EXTRACTED ENTRIES
* * * * *

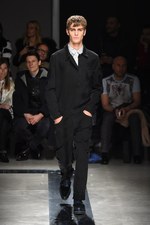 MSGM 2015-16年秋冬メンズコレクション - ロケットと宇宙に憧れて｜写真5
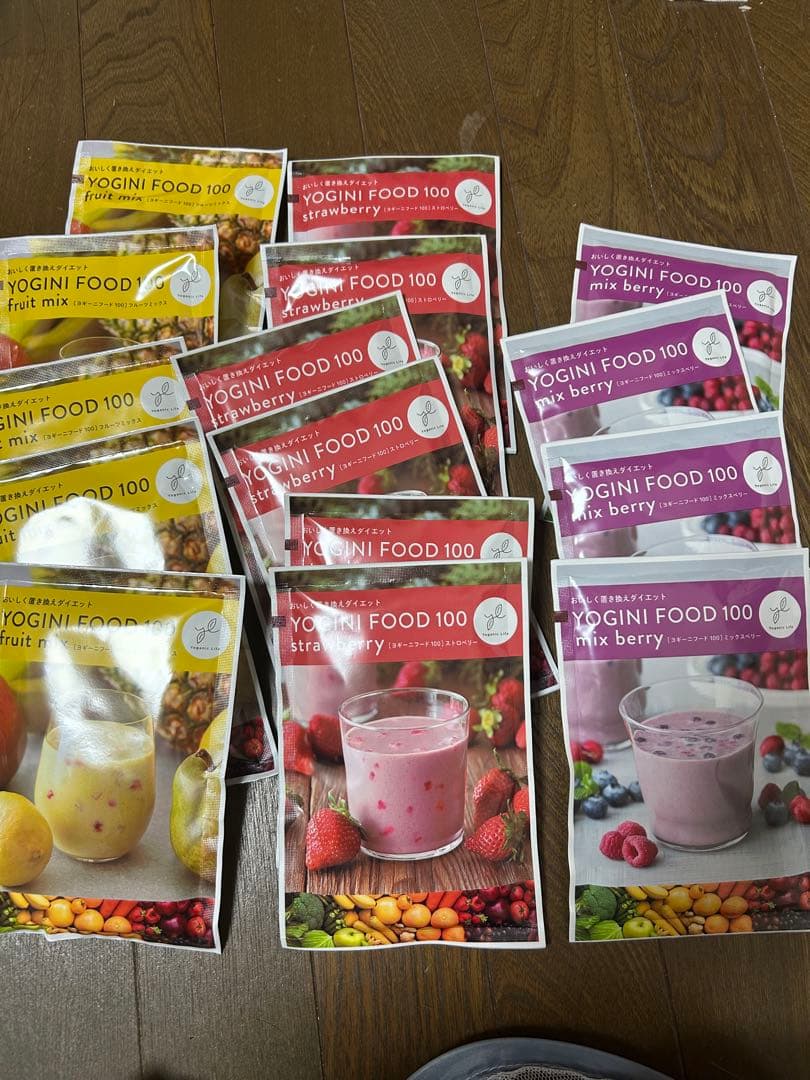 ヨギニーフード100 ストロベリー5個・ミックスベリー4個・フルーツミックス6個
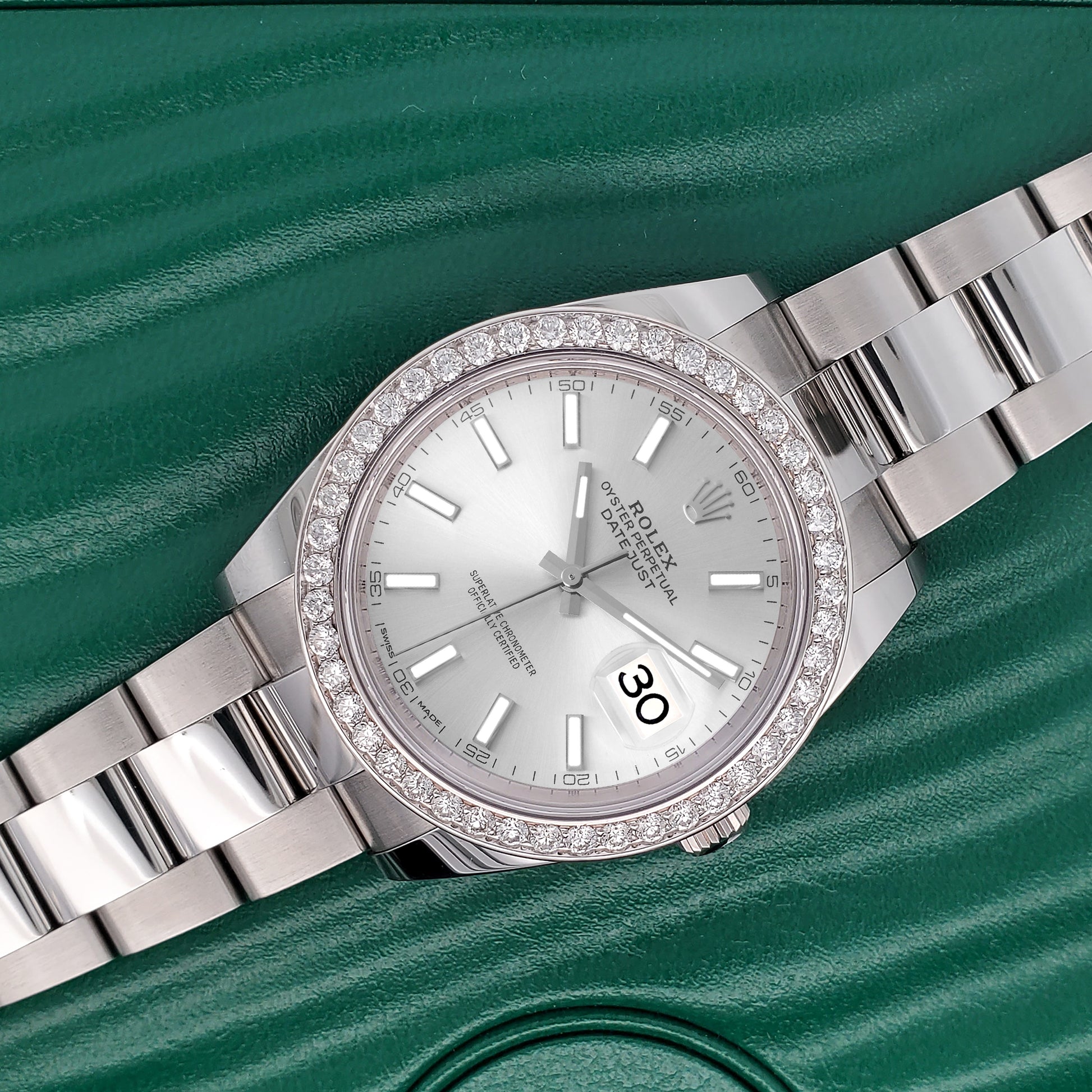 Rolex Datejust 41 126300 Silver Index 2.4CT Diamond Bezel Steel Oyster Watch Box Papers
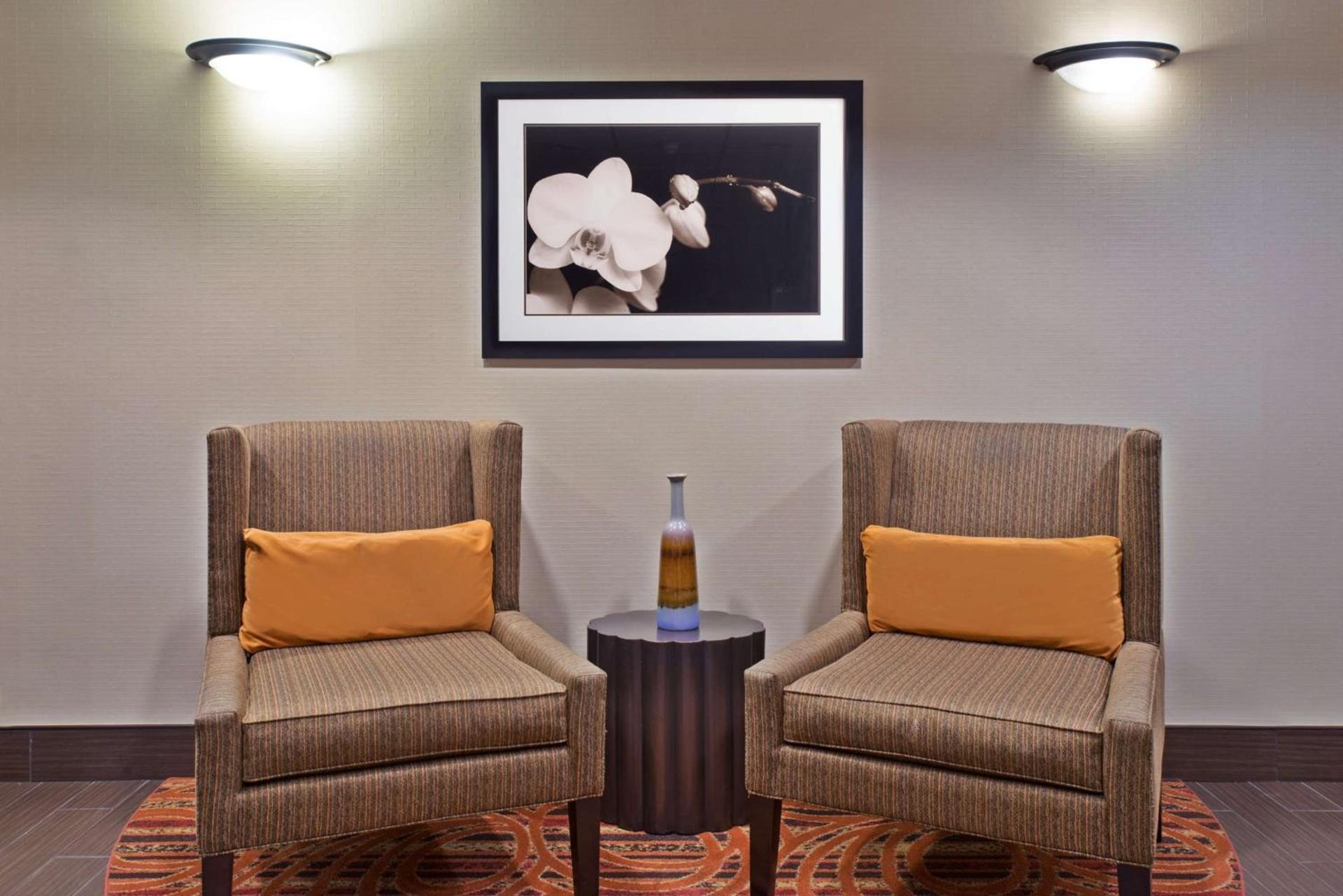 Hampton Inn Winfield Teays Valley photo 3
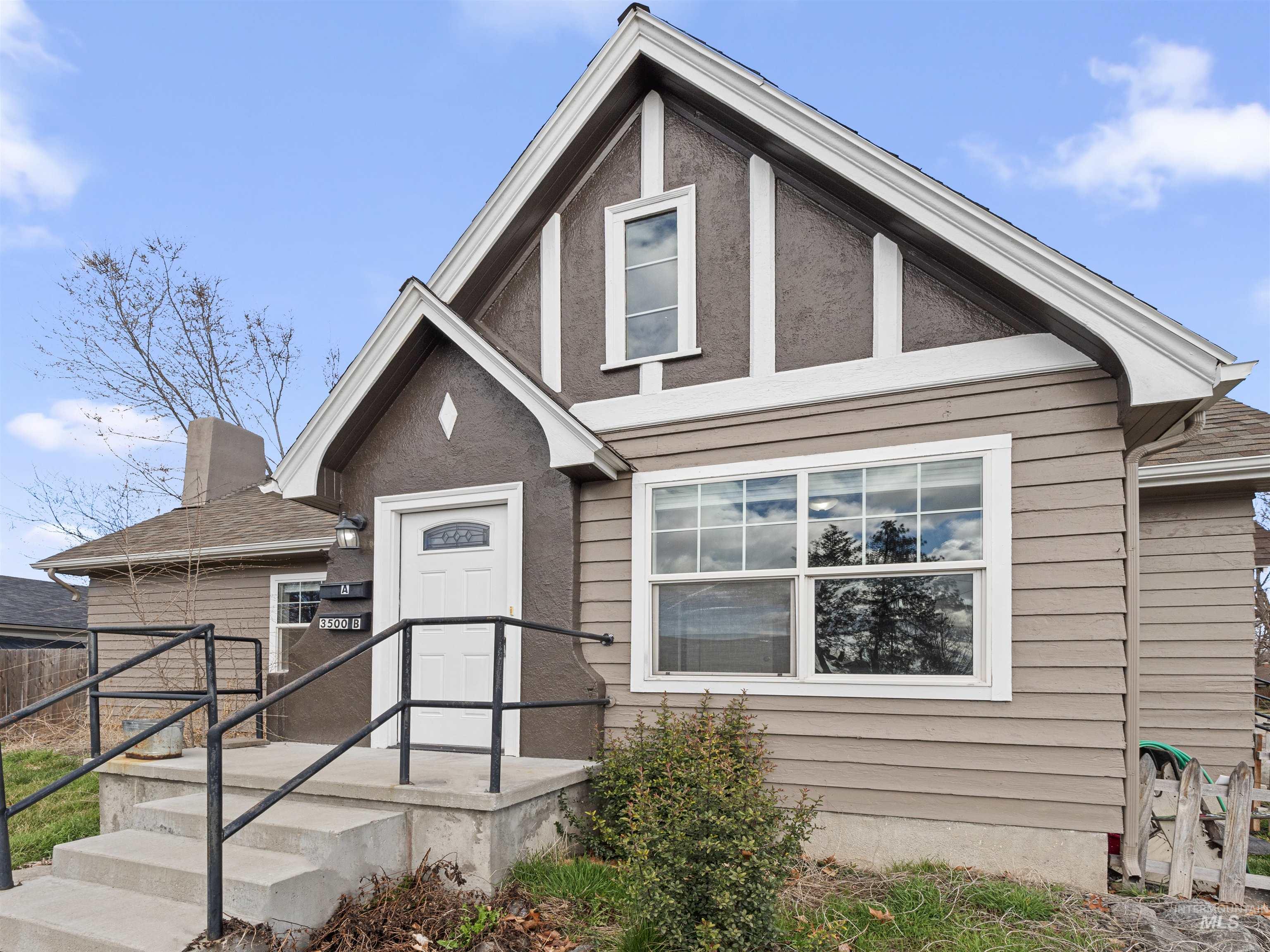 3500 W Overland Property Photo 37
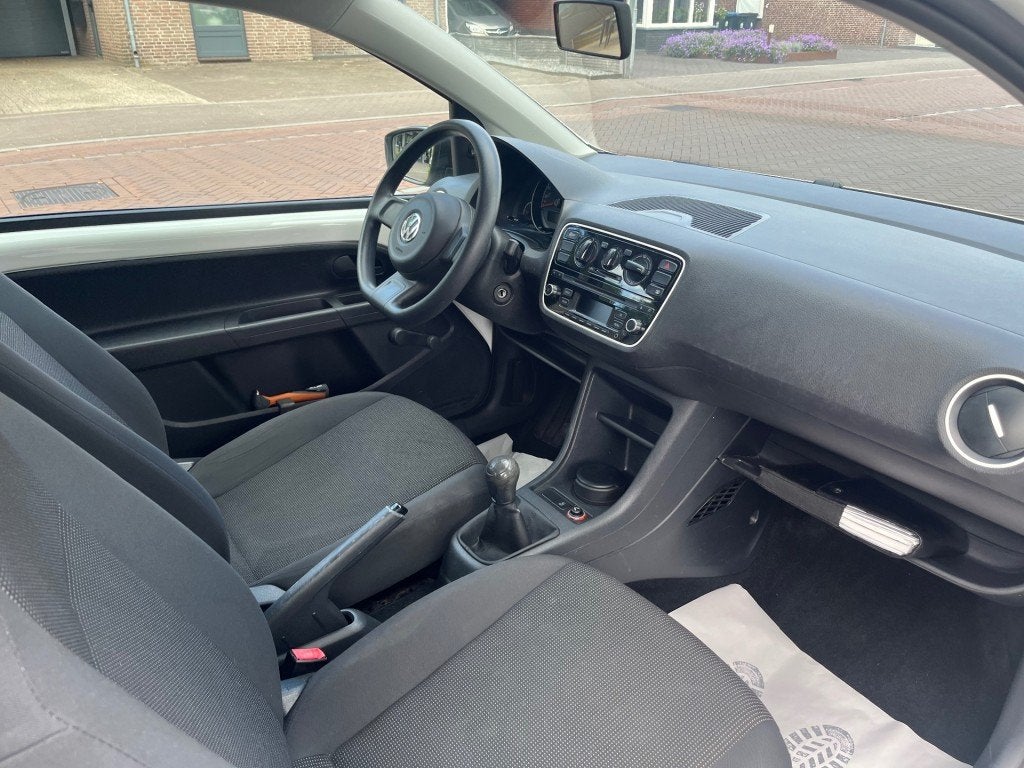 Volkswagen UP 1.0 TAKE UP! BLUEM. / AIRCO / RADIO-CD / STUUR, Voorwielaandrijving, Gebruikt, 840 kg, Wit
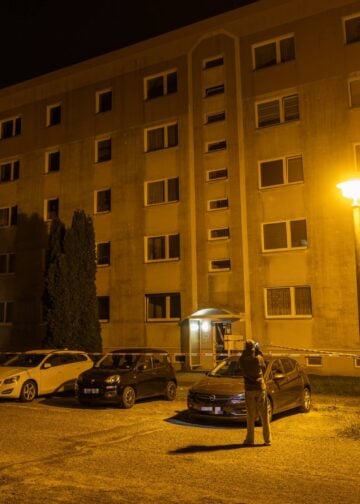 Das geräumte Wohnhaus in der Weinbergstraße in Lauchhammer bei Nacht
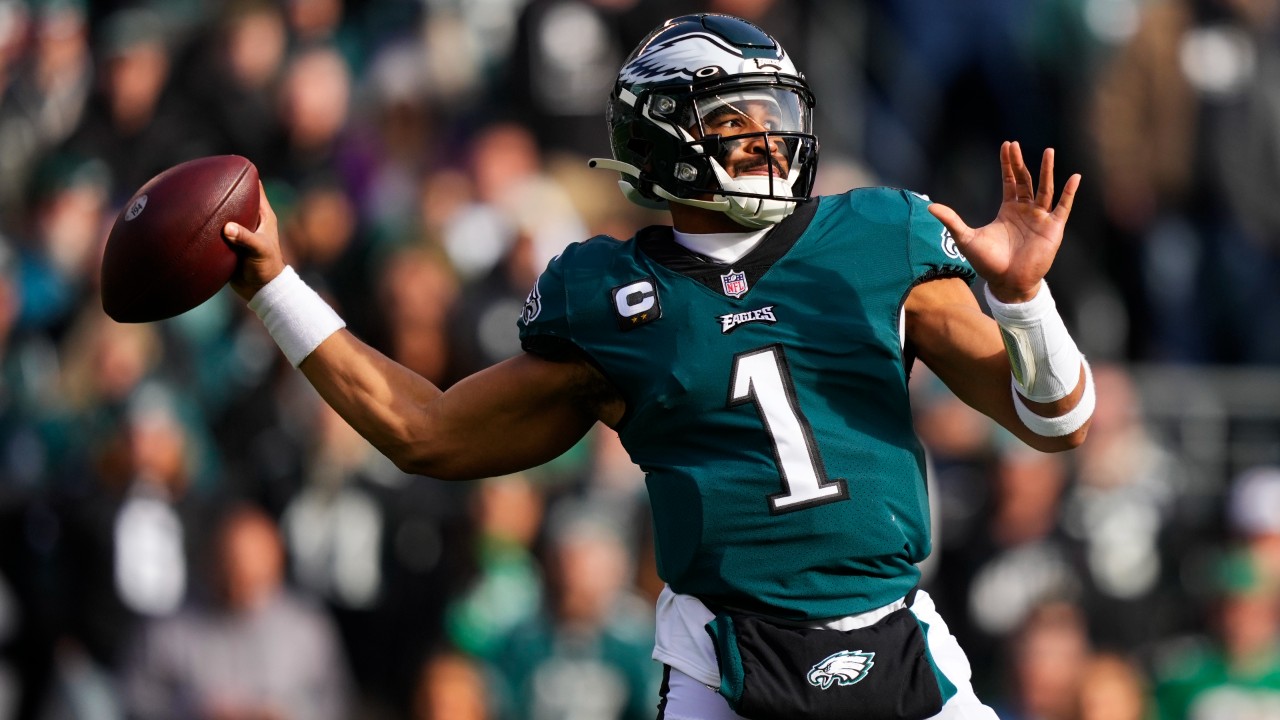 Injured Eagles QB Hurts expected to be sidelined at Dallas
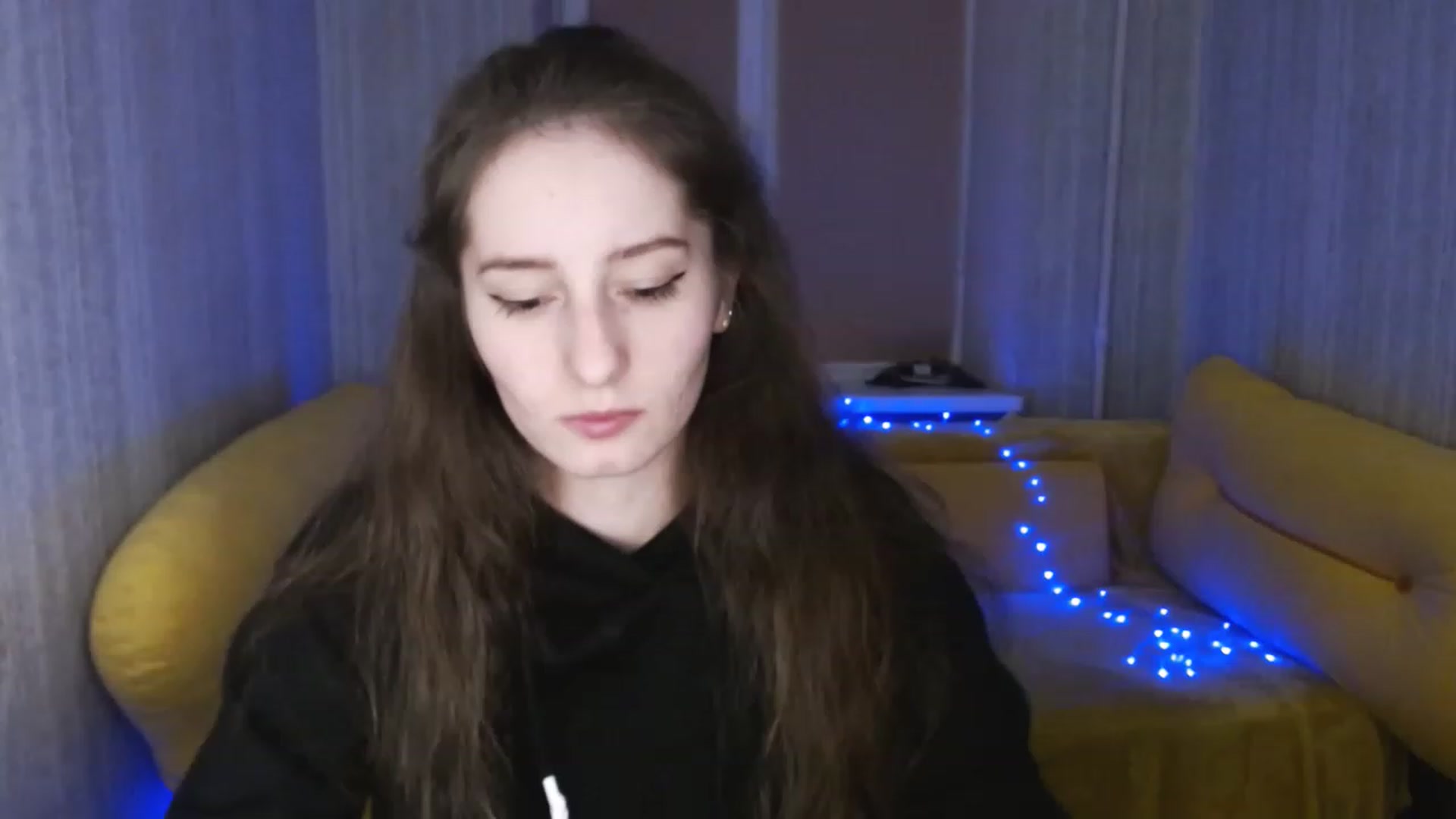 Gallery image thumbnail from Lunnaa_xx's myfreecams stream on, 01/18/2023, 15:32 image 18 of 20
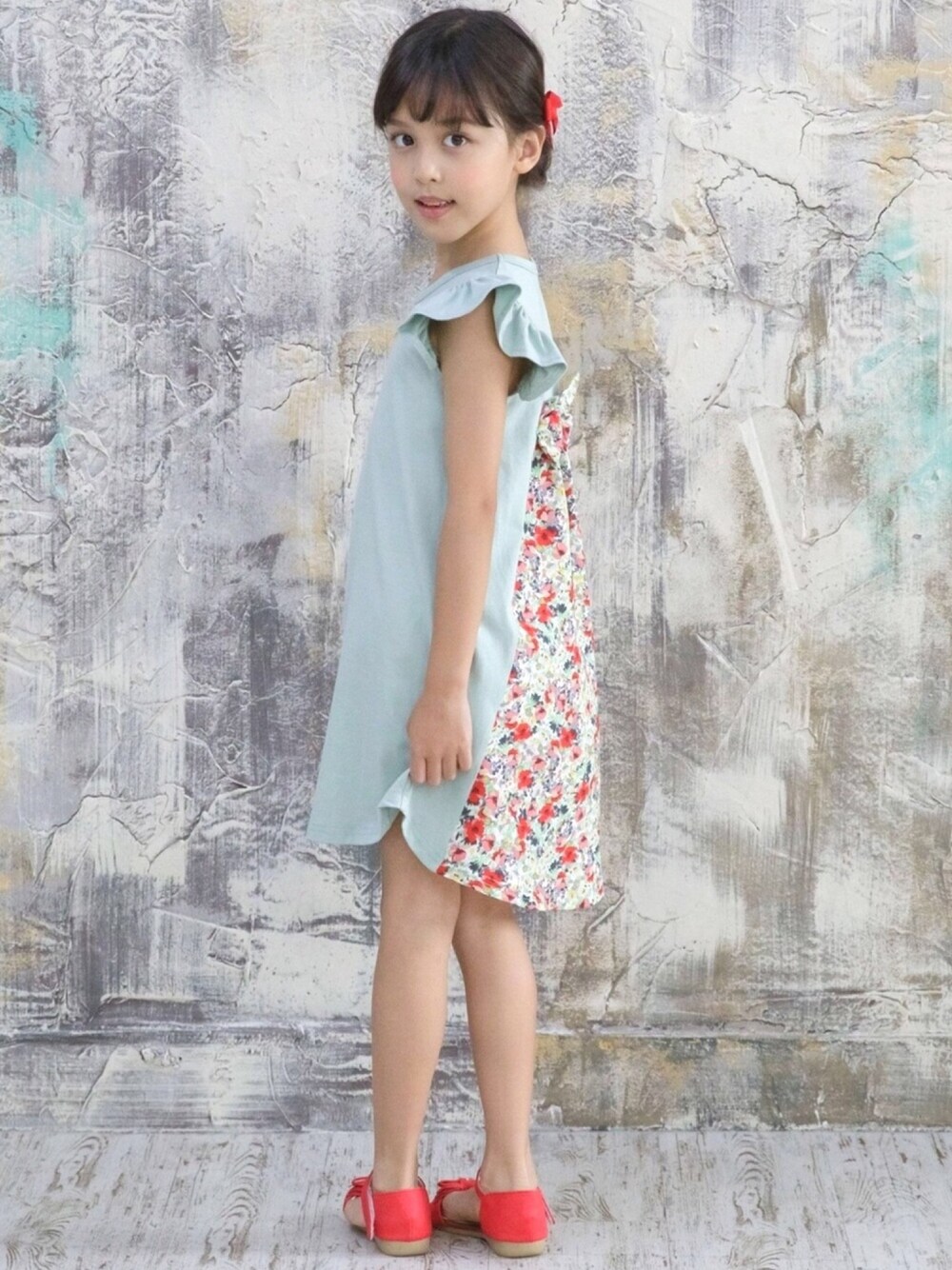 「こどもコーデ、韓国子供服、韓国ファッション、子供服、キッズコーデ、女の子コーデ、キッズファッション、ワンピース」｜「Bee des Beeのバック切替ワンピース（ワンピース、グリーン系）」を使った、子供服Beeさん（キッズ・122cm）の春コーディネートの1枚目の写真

* * * * *

Using the material above, return every line exactly as it appears, minus the pictures.

 MSGM 2015-16年秋冬メンズコレクション - ロケットと宇宙に憧れて｜写真5
 ヨギニーフード100 ストロベリー5個・ミックスベリー4個・フルーツミックス6個
 Rolex Datejust 41 126300 Silver Index 2.4CT Diamond Bezel Steel Oyster Watch Box Papers
 Hampton Inn Winfield Teays Valley photo 3
 3500 W Overland Property Photo 37
 Volkswagen UP 1.0 TAKE UP! BLUEM. / AIRCO / RADIO-CD / STUUR, Voorwielaandrijving, Gebruikt, 840 kg, Wit
 Das geräumte Wohnhaus in der Weinbergstraße in Lauchhammer bei Nacht
 Injured Eagles QB Hurts expected to be sidelined at Dallas
 Gallery image thumbnail from Lunnaa_xx's myfreecams stream on, 01/18/2023, 15:32 image 18 of 20
 「こどもコーデ、韓国子供服、韓国ファッション、子供服、キッズコーデ、女の子コーデ、キッズファッション、ワンピース」｜「Bee des Beeのバック切替ワンピース（ワンピース、グリーン系）」を使った、子供服Beeさん（キッズ・122cm）の春コーディネートの1枚目の写真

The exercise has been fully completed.